Output the listing word for word, minus images.

### SOURCE MATERIAL

=====

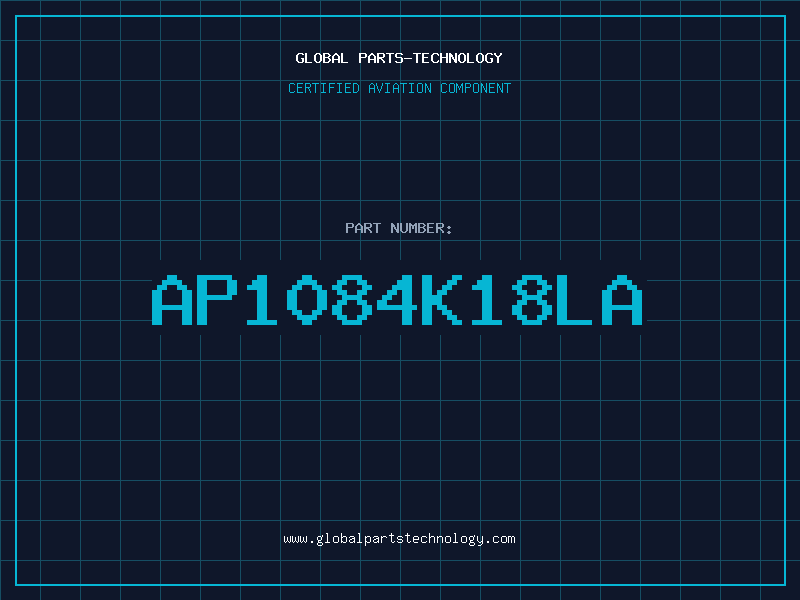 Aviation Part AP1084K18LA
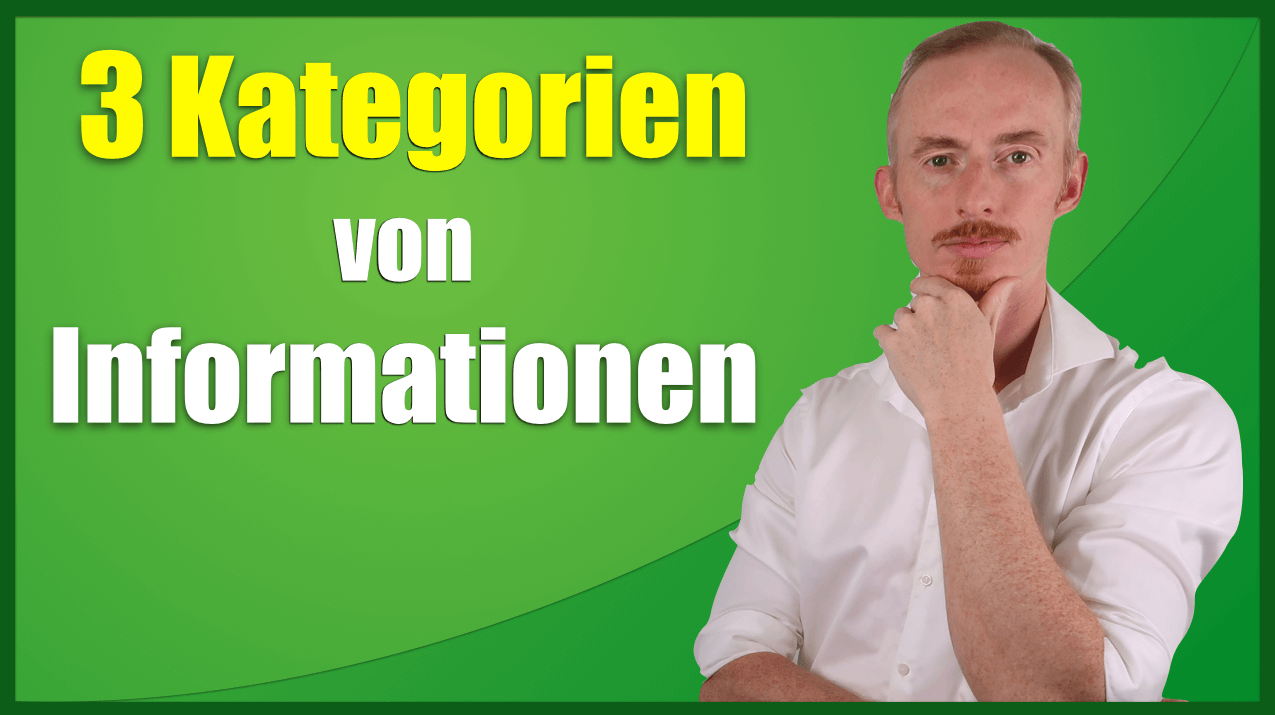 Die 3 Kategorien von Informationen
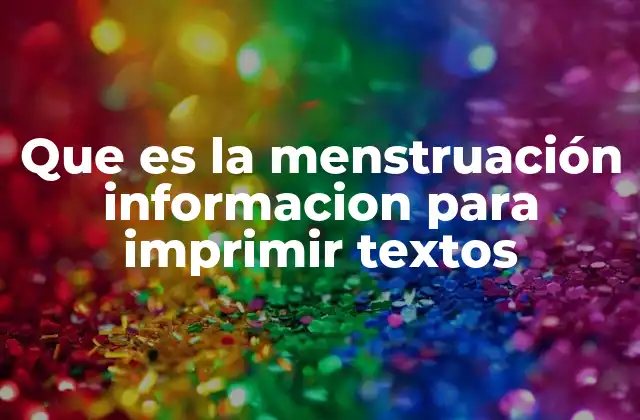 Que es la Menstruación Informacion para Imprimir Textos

=====

### ANSWER FOR THE TASK
 Aviation Part AP1084K18LA
 Die 3 Kategorien von Informationen
 Que es la Menstruación Informacion para Imprimir Textos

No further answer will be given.